The integrand ${\alpha }_{\mathrm{int}}(v,b)$ given by Eq. (12) is calculated using the $\mathrm{Cs}+\mathrm{He}$ $A{}^2{\Pi }_{1/2}$ DP and plotted for several different temperatures. As the temperature increases from 100 K in the bottom panel to 2000 K in the top panel, the value of $b_0$ drops from $7.2\AA$ down to $4.1\AA$. As $b_0$ decreases it crosses through a window of interruption corresponding to the maximum in $\Delta V_{{\Pi }_{1/2}}$ at $R=5.9\AA$ and becomes somewhat ambiguous at 1000 K.

Figure 12

Predicted shifting coefficients for the $D_1$ line of all $M+N$ combinations.

Figure 13

Predicted shifting coefficients for the $D_2$ line of all $M+N$ combinations.

Figure 14

The $\mathrm{Cs}+\mathrm{He}$ $\Delta V_{{\Pi }_{1/2}}$, $\Delta V_{{\Pi }_{3/2}}$, and $\Delta V_{{\Sigma }_{1/2}}$ DPs are plotted on the bottom and the corresponding shifting coefficients $\beta \left(T\right)$ are plotted on the top.
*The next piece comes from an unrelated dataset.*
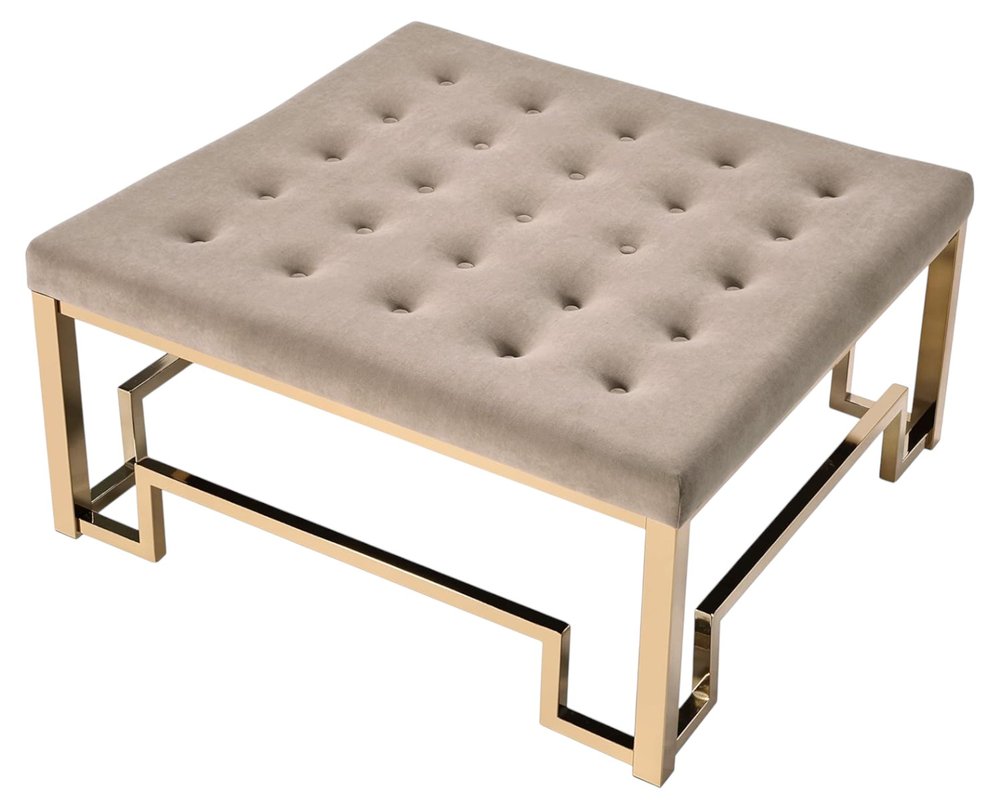 36" Champagne Polyester Tufted Cocktail Ottoman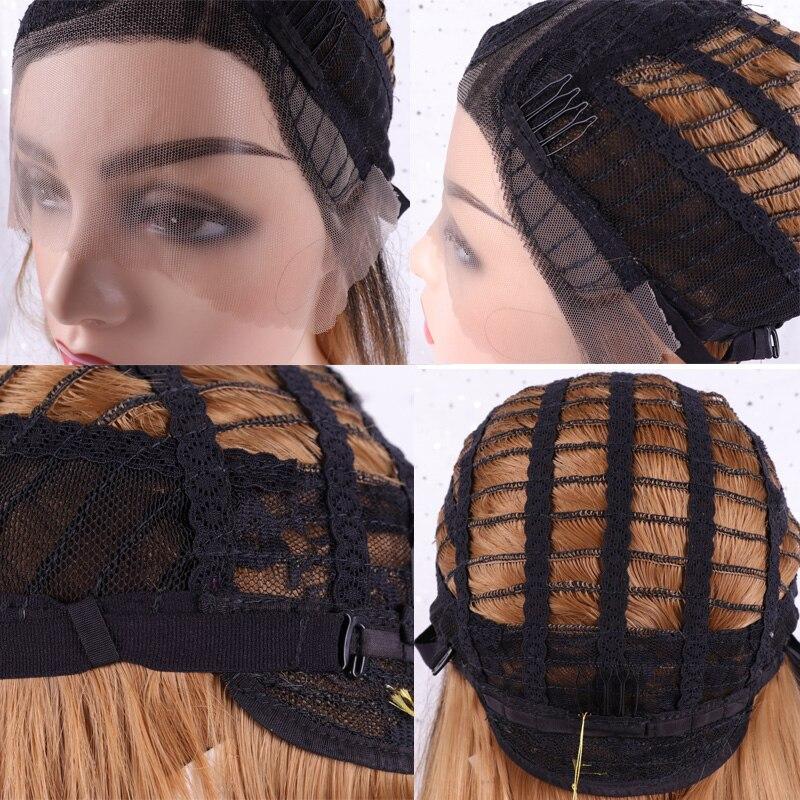 LISI HAIR Синтетический парик фронта шнурка, коричневый парик с естественной длиной волны, подходит для чернокожих женщин, термостойкий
The $A{}^2{\Pi }_{3/2}$ and $B{}^2{\Sigma }_{1/2}^{+}$ shifting coefficients are plotted here separately. Their weighted average in Eq. (11) is used to compute the $D_2$ shifting coefficient.

Figure 15

The shifting coefficient $\beta \left(T\right)$ computed using the $M+\mathrm{Ar}$ $\Delta V_{{\Sigma }_{1/2}}$ DPs. Negative values of $\beta \left(T\right)$ are caused by a very shallow well, approximately 0.5 ${\mathrm{cm}}^{-1}$ deep, in the $\Delta V_{{\Sigma }_{1/2}}$ DPs shown in the inset in Fig. 3 and illustrate the sensitivity of the shifting coefficients to the PECs.

Figure 16

Predicted asymmetry coefficients for the $D_1$ line of all $M+N$ combinations.

Figure 17

Predicted asymmetry coefficients for the $D_2$ line of all $M+N$ combinations.

Figure 18

A comparison of broadening coefficients computed using the semiclassical AT theory with other theoretical calculations. Loper [22] and Loper and Weeks [23] compute broadening coefficients using the quantum-mechanical Baranger theory with the same PECs used for the AT calculations. Note that radial derivative coupling is ignored for the Loper $D_1$ coefficients. Allard et al. [12] compute $\alpha \left(T\right)$ using the dipole autocorrelation formulation, and Mullamphy et al. [19] compute $\alpha \left(T\right)$ using quantum-mechanical Barringer theory. Both Allard et al. [12] and Mullamphy et al. [19] employ different PECs than those used for the AT calculations.

Figure 19

A comparison of Shifting coefficients computed using the semiclassical AT theory with other theoretical calculations. The Loper [22], Loper and Weeks [23], and Mullamphy et al. [19] calculations are described in Fig. 18.